# 1Dx froze with black screen.



## hammy (Sep 23, 2012)

I was using the 1Dx today and suddenly it froze with a black screen. None of the button was functioning. i had to remove the battery and the camera reset. Does anyone have this problem?


----------



## Mt Spokane Photography (Sep 23, 2012)

There are several posts about happenings like this, and the workarounds. Do a search on 1DX from the forum top page.


----------



## devank (Sep 23, 2012)

Did it show any error code ?


----------



## hammy (Sep 24, 2012)

No error code. The LCD was all black. none of the buttons are working. the camera froze. have to remove the battery to reset. everything was back to normal after that . $7000 dollar camera doesn't give me that much confidence.


----------



## Shawn L (Sep 24, 2012)

I had the same thing happen with my first copy of the 1DX. I heard something that sounded like the shutter locking up, and then the camera was dead. None of the buttons worked, couldn't bring up the menu, etc.

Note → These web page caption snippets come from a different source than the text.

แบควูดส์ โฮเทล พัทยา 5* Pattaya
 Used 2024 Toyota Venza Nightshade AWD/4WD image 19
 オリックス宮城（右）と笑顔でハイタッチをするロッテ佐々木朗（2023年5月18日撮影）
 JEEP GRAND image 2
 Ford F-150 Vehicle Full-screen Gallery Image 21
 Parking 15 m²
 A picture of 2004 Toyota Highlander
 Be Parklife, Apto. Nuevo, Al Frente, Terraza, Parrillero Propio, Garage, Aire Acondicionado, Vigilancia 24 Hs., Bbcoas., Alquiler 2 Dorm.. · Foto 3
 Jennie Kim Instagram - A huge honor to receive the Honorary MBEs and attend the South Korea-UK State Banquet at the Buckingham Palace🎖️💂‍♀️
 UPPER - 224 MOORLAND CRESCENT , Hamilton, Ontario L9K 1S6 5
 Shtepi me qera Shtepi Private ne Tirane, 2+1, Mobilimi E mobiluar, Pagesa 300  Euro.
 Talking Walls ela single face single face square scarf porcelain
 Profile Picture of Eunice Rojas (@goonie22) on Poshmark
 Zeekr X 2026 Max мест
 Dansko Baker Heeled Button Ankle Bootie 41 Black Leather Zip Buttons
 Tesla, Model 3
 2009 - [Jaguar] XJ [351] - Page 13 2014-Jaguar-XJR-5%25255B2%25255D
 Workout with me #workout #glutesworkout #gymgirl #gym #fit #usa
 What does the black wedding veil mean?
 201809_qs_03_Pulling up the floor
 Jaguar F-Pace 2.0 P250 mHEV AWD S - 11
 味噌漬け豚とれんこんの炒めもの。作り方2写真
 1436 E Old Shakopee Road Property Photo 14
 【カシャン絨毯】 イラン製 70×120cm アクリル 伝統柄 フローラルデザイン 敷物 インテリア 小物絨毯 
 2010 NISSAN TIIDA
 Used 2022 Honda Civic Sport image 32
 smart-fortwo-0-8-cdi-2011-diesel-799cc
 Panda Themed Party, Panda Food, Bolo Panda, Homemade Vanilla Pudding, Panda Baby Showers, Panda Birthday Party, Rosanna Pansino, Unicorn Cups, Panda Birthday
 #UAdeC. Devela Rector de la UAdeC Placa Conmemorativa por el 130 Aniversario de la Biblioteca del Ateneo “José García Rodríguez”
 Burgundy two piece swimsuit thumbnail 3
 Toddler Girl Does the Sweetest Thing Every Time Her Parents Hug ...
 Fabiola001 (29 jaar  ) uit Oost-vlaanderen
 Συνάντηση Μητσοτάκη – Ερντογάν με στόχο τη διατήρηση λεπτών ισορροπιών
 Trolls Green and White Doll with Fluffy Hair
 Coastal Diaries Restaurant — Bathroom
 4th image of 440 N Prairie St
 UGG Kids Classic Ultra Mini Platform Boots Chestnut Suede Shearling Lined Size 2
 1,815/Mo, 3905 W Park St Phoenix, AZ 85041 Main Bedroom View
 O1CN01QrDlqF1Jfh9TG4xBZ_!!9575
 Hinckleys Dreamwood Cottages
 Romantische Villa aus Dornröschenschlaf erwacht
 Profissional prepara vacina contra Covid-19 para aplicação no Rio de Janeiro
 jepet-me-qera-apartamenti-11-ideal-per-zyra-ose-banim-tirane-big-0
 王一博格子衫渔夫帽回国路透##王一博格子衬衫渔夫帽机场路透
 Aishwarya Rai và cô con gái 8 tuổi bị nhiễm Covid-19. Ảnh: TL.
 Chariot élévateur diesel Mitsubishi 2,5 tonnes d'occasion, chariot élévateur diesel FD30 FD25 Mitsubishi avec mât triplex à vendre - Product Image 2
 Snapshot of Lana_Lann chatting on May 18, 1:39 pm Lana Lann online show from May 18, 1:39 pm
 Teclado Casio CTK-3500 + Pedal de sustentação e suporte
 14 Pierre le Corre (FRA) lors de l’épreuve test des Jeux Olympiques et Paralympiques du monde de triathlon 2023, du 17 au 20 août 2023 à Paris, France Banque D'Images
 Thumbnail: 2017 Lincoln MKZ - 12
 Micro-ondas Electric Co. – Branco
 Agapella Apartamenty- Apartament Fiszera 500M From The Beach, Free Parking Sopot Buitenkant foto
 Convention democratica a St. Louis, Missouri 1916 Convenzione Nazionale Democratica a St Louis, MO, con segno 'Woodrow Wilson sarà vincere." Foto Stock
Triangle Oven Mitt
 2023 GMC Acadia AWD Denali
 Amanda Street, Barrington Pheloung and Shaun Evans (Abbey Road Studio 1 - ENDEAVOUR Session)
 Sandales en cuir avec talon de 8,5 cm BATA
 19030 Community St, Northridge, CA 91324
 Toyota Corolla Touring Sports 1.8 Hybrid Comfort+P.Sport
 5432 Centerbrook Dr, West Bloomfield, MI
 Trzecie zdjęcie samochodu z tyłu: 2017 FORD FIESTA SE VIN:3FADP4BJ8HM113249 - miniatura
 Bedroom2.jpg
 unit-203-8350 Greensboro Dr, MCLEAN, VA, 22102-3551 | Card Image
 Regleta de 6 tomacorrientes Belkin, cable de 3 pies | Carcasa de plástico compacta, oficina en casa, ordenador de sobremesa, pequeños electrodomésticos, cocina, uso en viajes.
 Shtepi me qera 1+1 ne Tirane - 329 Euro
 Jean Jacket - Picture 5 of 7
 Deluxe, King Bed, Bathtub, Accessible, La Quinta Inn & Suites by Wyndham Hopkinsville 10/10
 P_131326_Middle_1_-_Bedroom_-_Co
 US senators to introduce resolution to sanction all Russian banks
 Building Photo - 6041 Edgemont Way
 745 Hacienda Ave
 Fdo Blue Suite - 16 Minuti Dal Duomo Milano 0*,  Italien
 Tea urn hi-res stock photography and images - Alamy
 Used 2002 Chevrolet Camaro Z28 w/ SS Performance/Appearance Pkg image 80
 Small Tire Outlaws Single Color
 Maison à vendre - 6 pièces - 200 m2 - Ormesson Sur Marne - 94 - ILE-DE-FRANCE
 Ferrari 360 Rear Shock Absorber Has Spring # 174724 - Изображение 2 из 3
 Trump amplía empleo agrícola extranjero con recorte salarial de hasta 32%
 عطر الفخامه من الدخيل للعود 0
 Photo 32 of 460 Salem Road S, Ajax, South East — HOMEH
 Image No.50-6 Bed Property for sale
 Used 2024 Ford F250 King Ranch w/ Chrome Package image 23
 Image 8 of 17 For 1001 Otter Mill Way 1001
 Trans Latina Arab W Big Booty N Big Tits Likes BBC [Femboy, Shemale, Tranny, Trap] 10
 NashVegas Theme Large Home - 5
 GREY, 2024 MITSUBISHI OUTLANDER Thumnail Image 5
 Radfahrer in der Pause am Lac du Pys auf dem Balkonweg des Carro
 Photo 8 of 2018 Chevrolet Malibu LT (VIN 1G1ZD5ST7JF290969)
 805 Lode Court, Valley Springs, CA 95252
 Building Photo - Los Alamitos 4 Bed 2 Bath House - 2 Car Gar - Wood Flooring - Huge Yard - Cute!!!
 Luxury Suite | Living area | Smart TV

Turning off and back on solved it for me.

After wrestling with what to do, I eventually returned that copy (I was lucky, it happened within the first 30 days); the replacement hasn't shown the issue. Though, to be fair, it has far less actuations than the other one did when it locked up (happened around 2,200 photos).

I didn't get an error code on the screen, and I looked through the error log on the camera, and it didn't seem to know that this had happened. Could just be a hard crash.

What BIOS version are you using? Mine happened with the BIOS that originally shipped.

Wish you lots of luck :/

Shawn L.


----------



## Shawn L (Sep 24, 2012)

Here's my original post on the subject:

http://www.canonrumors.com/forum/index.php?topic=8443.msg153755#msg153755

Others posted some nice debugging tips in there including using chkdisk (PC) to make sure there's no issue with the memory card.

Shawn L.


----------



## hammy (Sep 24, 2012)

i updated the new version OS.  . too late for me to return..


----------